Es regnete in Strömen, es war kalt, und der Reisebus war tatsächlich mit «ZSC Lions – MIR SIND ZÜRI» beschriftet. Der Start ins 12-stündige Theaterabenteuer «alles in allem 2019» schien nicht eben vielversprechend. Doch das kümmerte offenbar niemanden, auch nicht Premierengast Stadtpräsidentin Corine Mauch. Helferinnen und Helfer in blauen Westen walteten ihres Amtes, das Publikum hatte nur Augen für die Schönheit des Patumbah-Parks, und das schauspielende Personal trotzte der Witterung in Blümchenkleid oder gar barfuss. Alexander Pelichet, der Herr mit den nackten Füssen im Muschelbrunnen, meinte dazu: «Es war absolut berührend zu sehen, wie Peter sich freute, an diesem gerade für ihn besonders grossen Tag. Ich hätte alles gegeben, dass er gelingt, und meine kalten Füsse waren da ein bescheidener Beitrag.»

Dennoch murrte niemand, als es bald trocken weiterging. Das Gasi-Museum in Schlieren war gleichzeitig Lunchort, wobei dort zunächst nur die Würstchen auf dem Grill an der Wärme waren. Später dann öffneten drei Säle der Kaserne eigens für die Theatergesellschaft ihre Tore. In einem dieser Säle, der Polithek der Kantonspolizei, erwachten die grandiosen Schabkartonbilder des Zürcher Künstlers Hannes Binder, welche dieser für die Theaterreise und die neuste Buchausgabe von «Alles in Allem» schuf, zum vielapplaudierten Leben. Und im Zehntenhaus in Affoltern wurde sogar eine schicke Party gefeiert, mit Sofa, Charleston und Trallalla.

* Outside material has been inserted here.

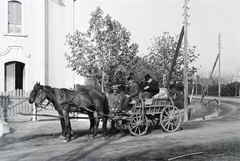 Magyarország, Ramocsaháza, Kossuth Lajos utca - Fő tér sarok, balra a Magyarok Nagyasszonya-templom., 1965, Reményi József, szekér, fogat, kalap, ló, Fortepan #258608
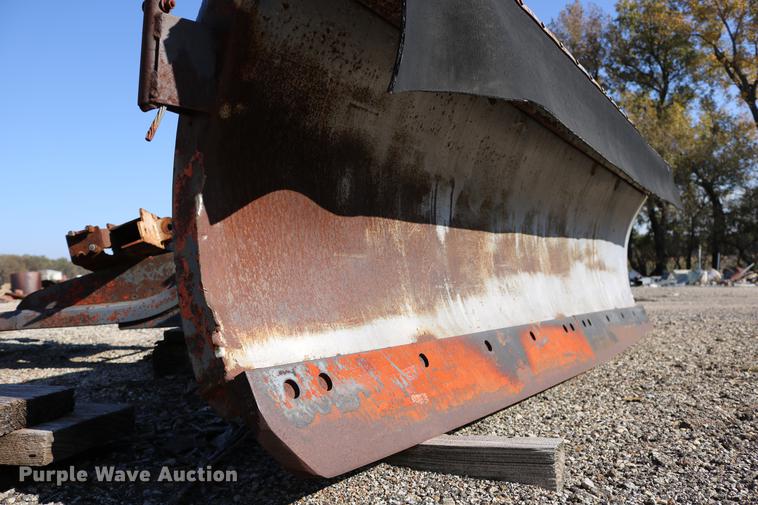 image for item EE9847 Valk RV101-6 snow plow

Eine besondere Herausforderung wurde die Etappe im Seewasserwerk Moos. Immerhin ging es per Lift in einer Minute 80 Meter in die Tiefe, in den Stollen, der den Anfang der Verbindung zum Reservoir Lyren markiert. Trotz freundlichem Empfang durch Helferinnen und Helfer in neckischen roten Liftboyhütchen, drehten kurz vor dem Lift zwei Besucherinnen ab. Alle anderen erlebten im unwirtlich kühlen Tunnel, eingemummelt in warme Decken, die Magie der Imagination, angeregt durch die Schauspielerinnen und Schauspieler und die Klänge des musikalischen Reisebegleiters, des Vielinstrumentalisten Martin Schumacher.

Als sie wieder an der Erdoberfläche auftauchten, waren 11 Stunden seit dem Start der Reise vergangen, aber die Gruppe war animiert, vergnügt, quicklebendig. Sie wurde zum letzten Höhepunkt im Kulturmarkt erwartet, wo man die gemischtreligiöse Hochzeit zwischen einem jüdischen Secondo und der Tochter einer schweizerisch-deutschen Liaison feierte.

Fernando Pessoa hat den wohl schüchternsten Helden der Weltliteratur, den Hilfsbuchhalter Bernardo Soares, sinngemäss sagen lassen, er brauche nicht zu reisen, es genüge ihm, am Bahnhof in die Augen der Reisenden zu schauen. Blickte man spätabends am Schluss der letzten Etappe in die Augen des Publikums wusste man, was eine Zuschauerin wie folgt formulierte: «Es war einfach fantastisch!»